An infection occurs when the staph bacteria enter the skin, usually through cuts, scrapes or other breaks in the skin (such as through tattoos and body piercings). Infections may be in the form of folliculitis (infection around hair follicles), boils, impetigo or abscesses. Skin infections can be red, hot, swollen, tender and have pus or other drainage.
- Staphylococcus aureus (known as “staph”) is a common bacterium that is carried on the skin or in the nose of healthy people. Approximately 30% of people carry staph bacteria, and most never develop any symptoms. Staph is one of the leading causes of skin infections and when an infection does occur, it is usually mild.
- Methicillin-resistant Staphylococcus aureus (MRSA) is a type of Staphylococcus aureus which is resistant to some antibiotics that are used to treat skin infections. Methicillin, an antibiotic similar to penicillin and amoxicillin, is one example. MRSA was once found mainly in hospital patients, but is not uncommon to find in community settings.
How Are Staph Infections Spread?
Staph infections are spread by direct physical contact with the bacteria. The contact is frequently skin-to-skin, but it can be spread through contact with contaminated surfaces or personal items. Spread of staph infections has occurred through skin-to-skin contact when playing sports, such as football or wrestling, or from surfaces in gyms and locker rooms. Closely confined environments, such as day care centers, homeless shelters and jails, are places where staph infections can spread easily. Spread has also occurred with persons receiving tattoos.

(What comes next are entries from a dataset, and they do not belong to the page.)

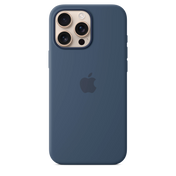 Husa de protectie Apple cu MagSafe pentru iPhone 16 Pro Max, Silicon, Denim - iSTYLE RO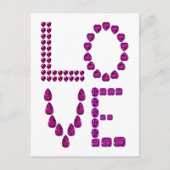 Blue Sapphire Liebe Postkarte (Vorderseite)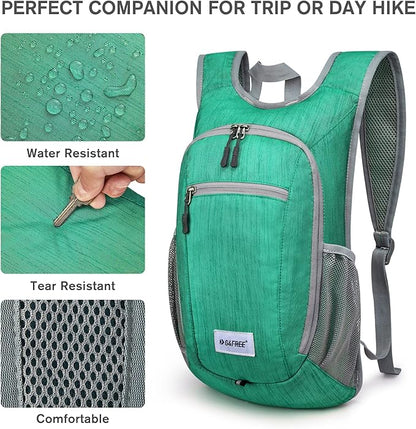 G4Free 10L/15L Hiking Backpack Lightweight Packable Hiking Daypack Small Travel Outdoor Foldable Shoulder Bag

How Do I Treat a Staph Infection?
Staph infection treatment may include drainage of the infection site and/or treatment with antibiotics. Antibiotics are available for all forms of staph infections, including MRSA.
How Do I Prevent Staph Infections?
- Wash hands frequently with soap and water or use an alcohol based hand sanitizer.

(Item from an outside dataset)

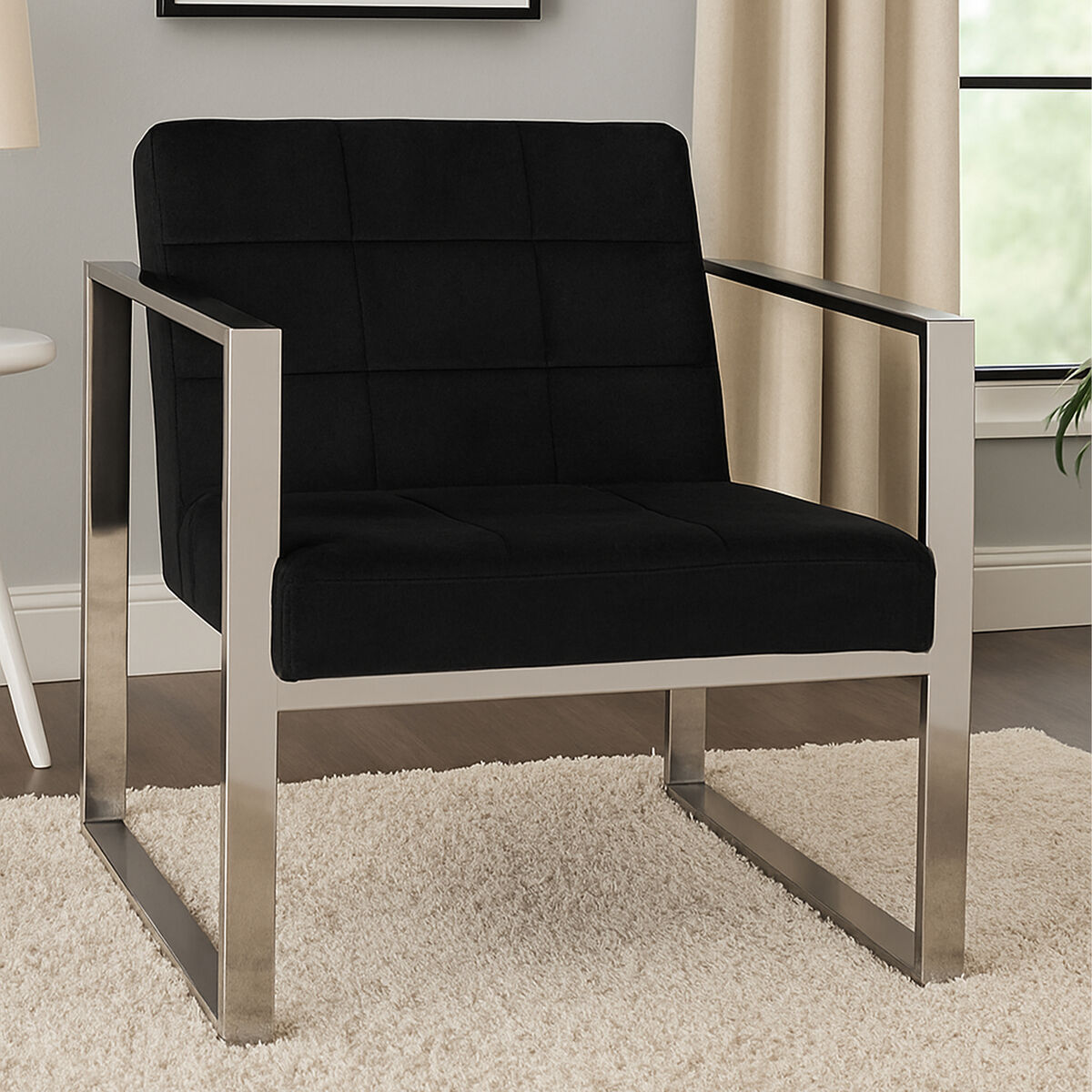 Vogue Black Velvet Lounge Chair - PN Home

- Shower after athletic activities.
- Do not share personal items such as clothes, towels, uniforms, equipment and razors.

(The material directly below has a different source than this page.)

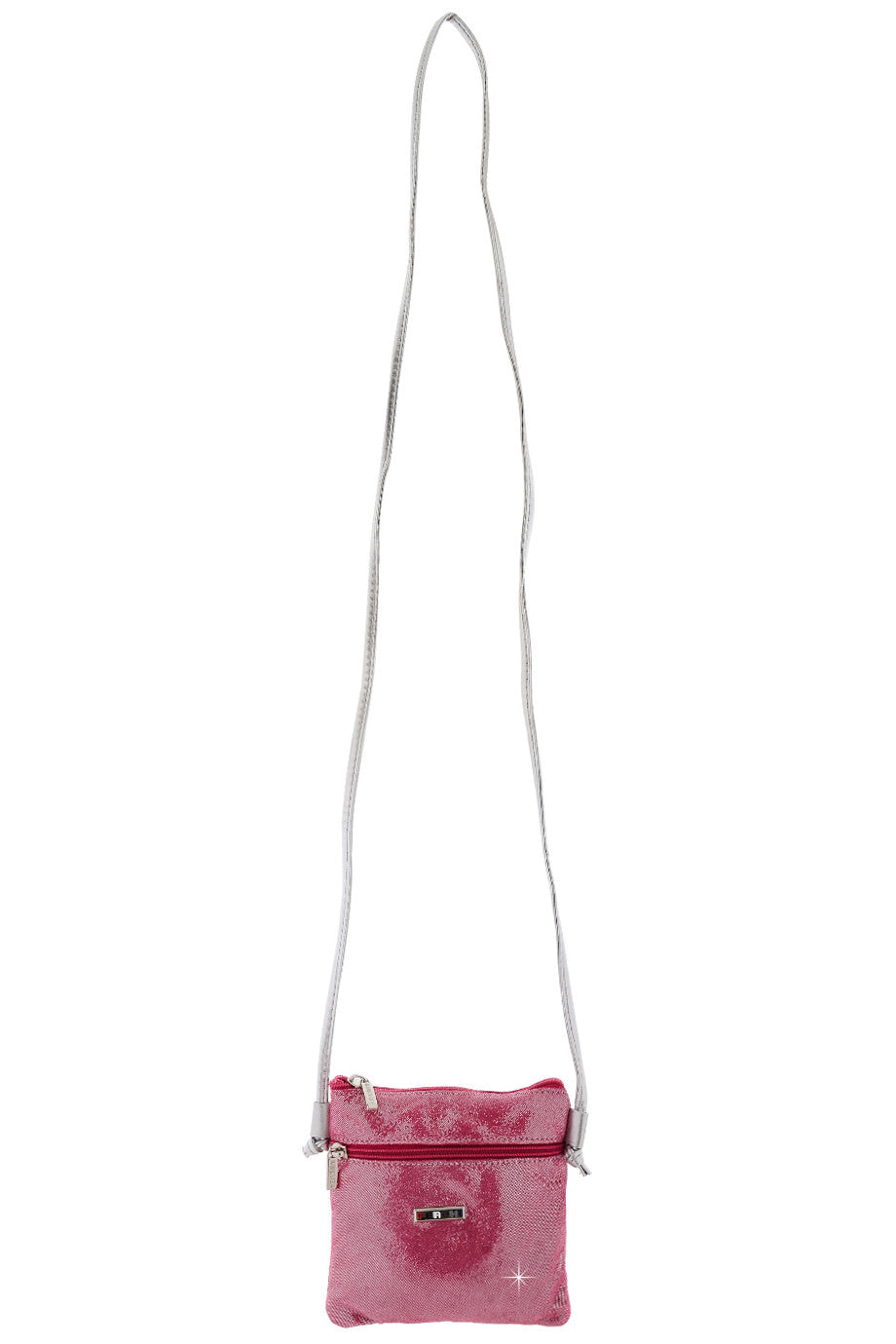 MINI MADELINE Metallic Fuchsia Purse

- Towels and uniforms should be washed after every use.
- During athletic activities, consider covering arms and legs with clothing.
- New wounds (e.g., scrapes, scratches, breaks in skin) should be cleaned immediately using soap and water. Then apply bandages to keep the area clean, dry and covered. Do not apply antibacterial cream unless directed by a medical provider.
- Students and staff should report skin infections to the school nurse, coach, athletic trainer or physical education teacher. See a medical provider if the skin begins to appear infected, red, hot, swollen, tender or draining fluid.
- Soap and water or alcohol based hand sanitizers should be readily available. Use a disinfectant that is EPA registered as effective against MRSA to wash hands.
- Exclude students and staff from school and athletics if a wound is draining and cannot be kept clean, dry and covered. A first aid kit with ample dressings should be available.
- Maintain a regular daily cleaning schedule of areas touched frequently by large numbers of people and locker room surfaces such as showers, benches, countertops and gym equipment.